EXERCISE REQUIREMENTS → Copy out, unchanged, the entries below from the "Hudson Toiletry Bag in Hunter Green" line to the final line. Omit pictures.

AVAILABLE DATA →
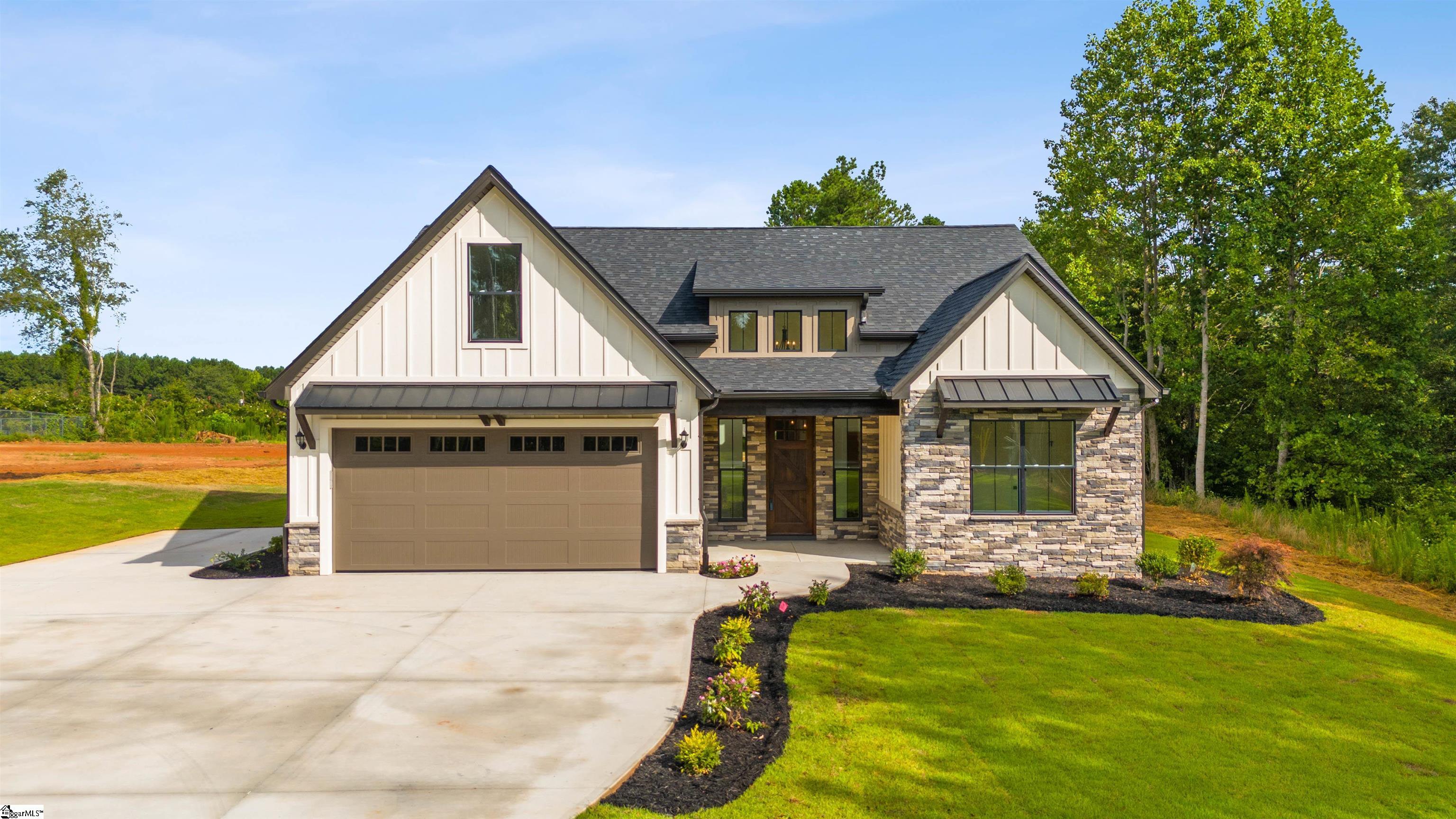 428 Honeysuckle Road Campobello, SC 29322 - Photo 1 of 36 Gallery Image 1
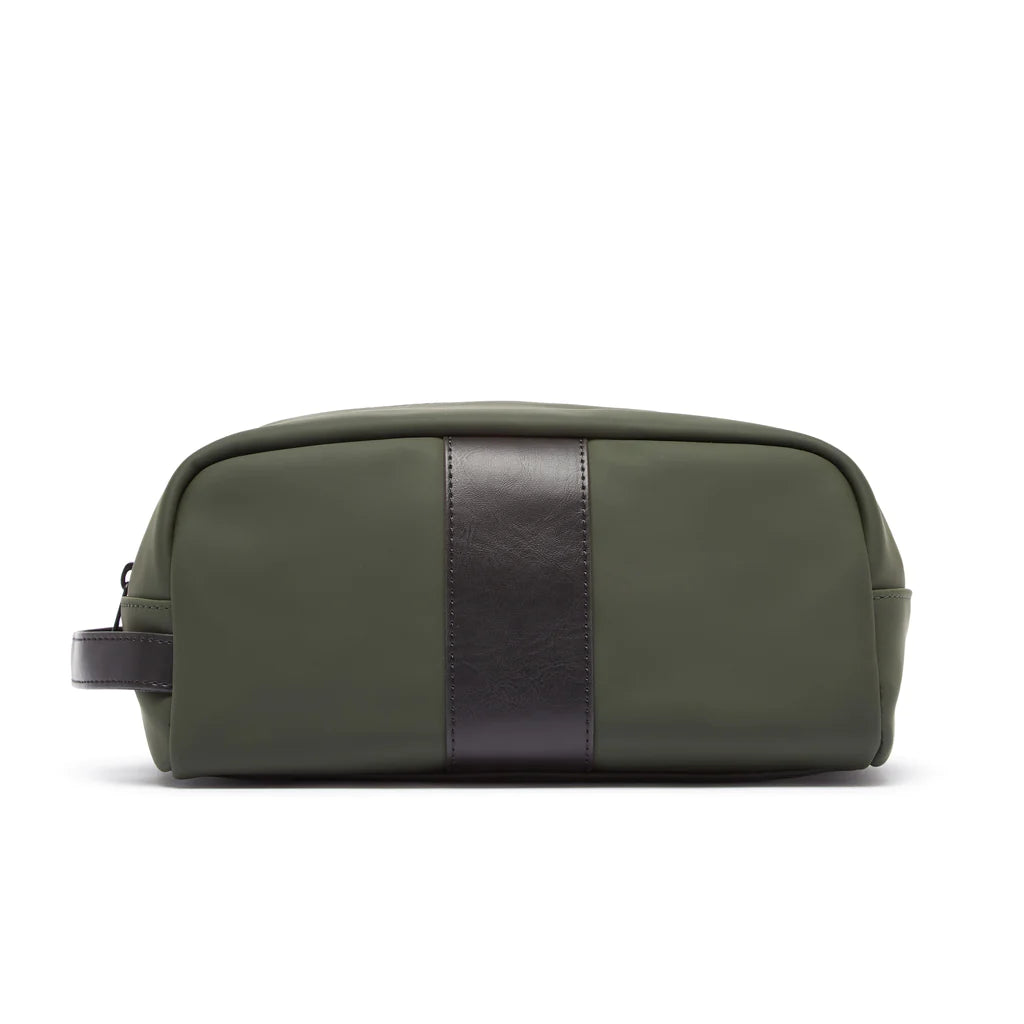 Hudson Toiletry Bag in Hunter Green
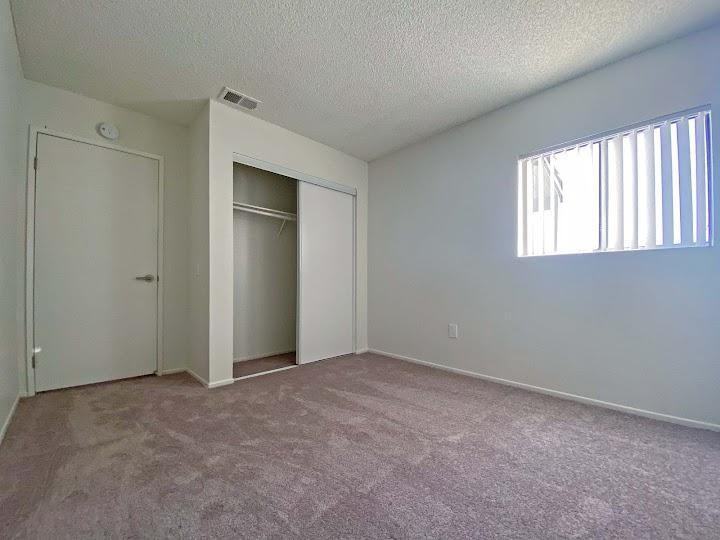 1865 North Clyde Street - Photo 4 of 20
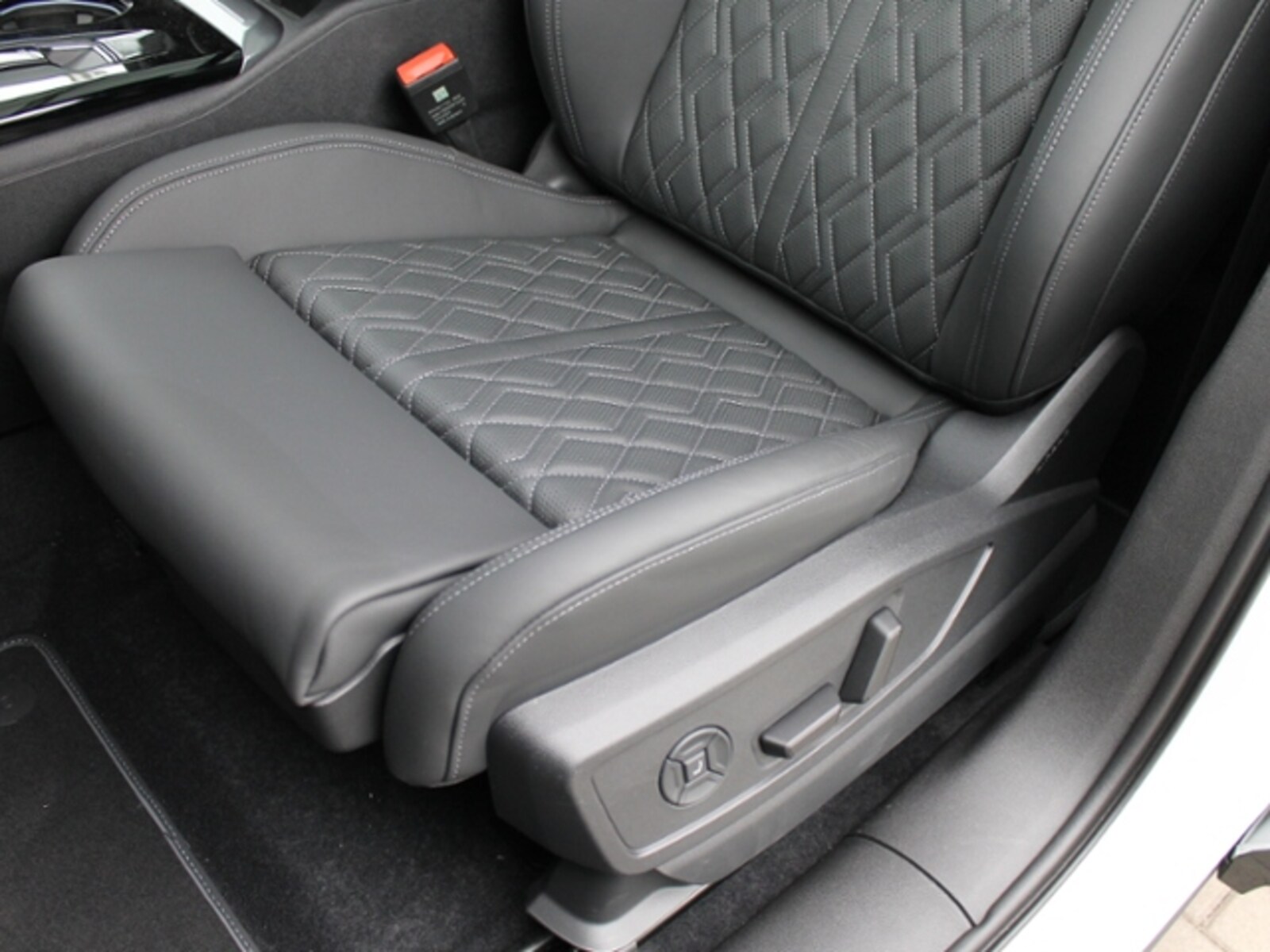 Audi SQ5 – Bild 9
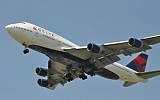 Photo d'illustration d'un avion Delta de type 747-400 atterrissant à l'aéroport Ben Gurion, au mois de juin 2012 (Crédit : Wikipedia/AF1621/CC BY 3.0)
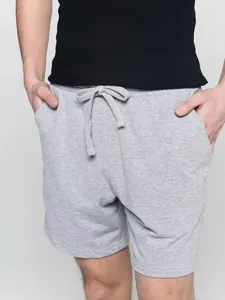 Bequeme Herren Baumwoll Sweatshorts mit Kordelzug und praktischen Taschen für Sport.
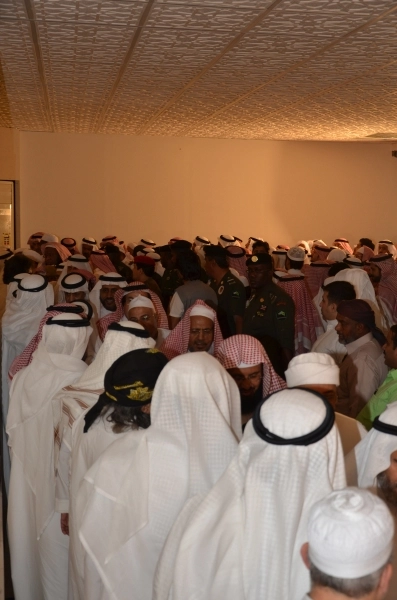 
    العشرات يؤدون واجب العزاء في الفقيدة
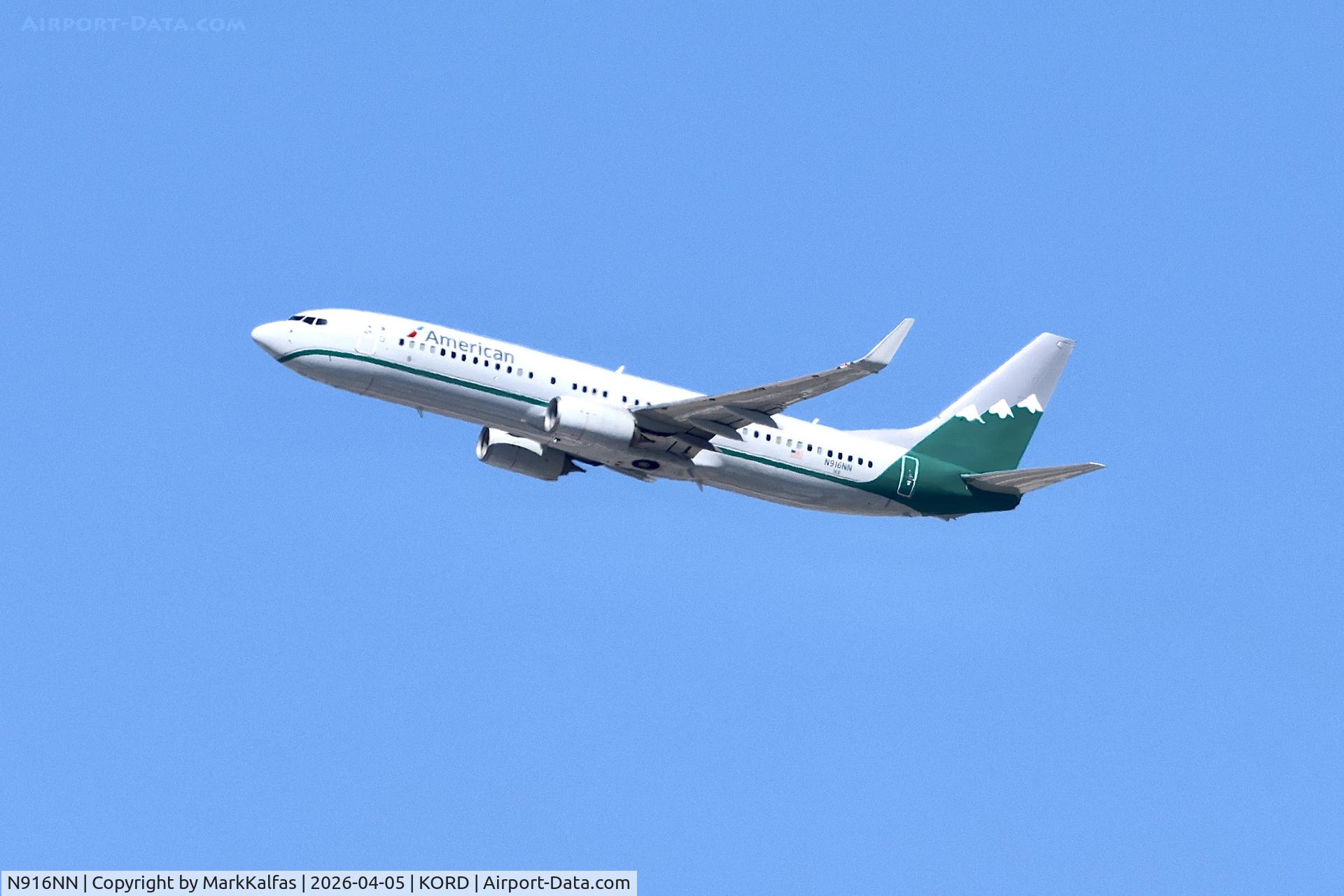 N916NN, 2012 Boeing 737-823, c/n 31163 l/n 4333, B738 American Boeing 737-823 N916NN "Reno Air" departing 27L KORD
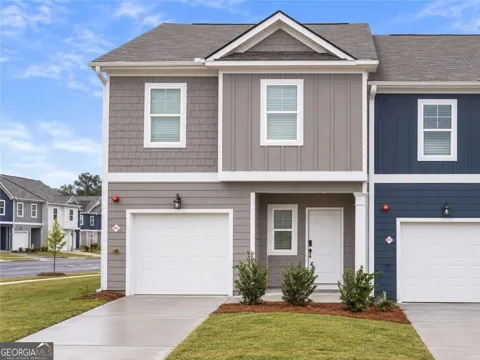 1382 Riverstone RD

ANSWER TO THE EXERCISE →
 Hudson Toiletry Bag in Hunter Green
 1865 North Clyde Street - Photo 4 of 20
 Audi SQ5 – Bild 9
 Photo d'illustration d'un avion Delta de type 747-400 atterrissant à l'aéroport Ben Gurion, au mois de juin 2012 (Crédit : Wikipedia/AF1621/CC BY 3.0)
 Bequeme Herren Baumwoll Sweatshorts mit Kordelzug und praktischen Taschen für Sport.
    العشرات يؤدون واجب العزاء في الفقيدة
 N916NN, 2012 Boeing 737-823, c/n 31163 l/n 4333, B738 American Boeing 737-823 N916NN "Reno Air" departing 27L KORD
 1382 Riverstone RD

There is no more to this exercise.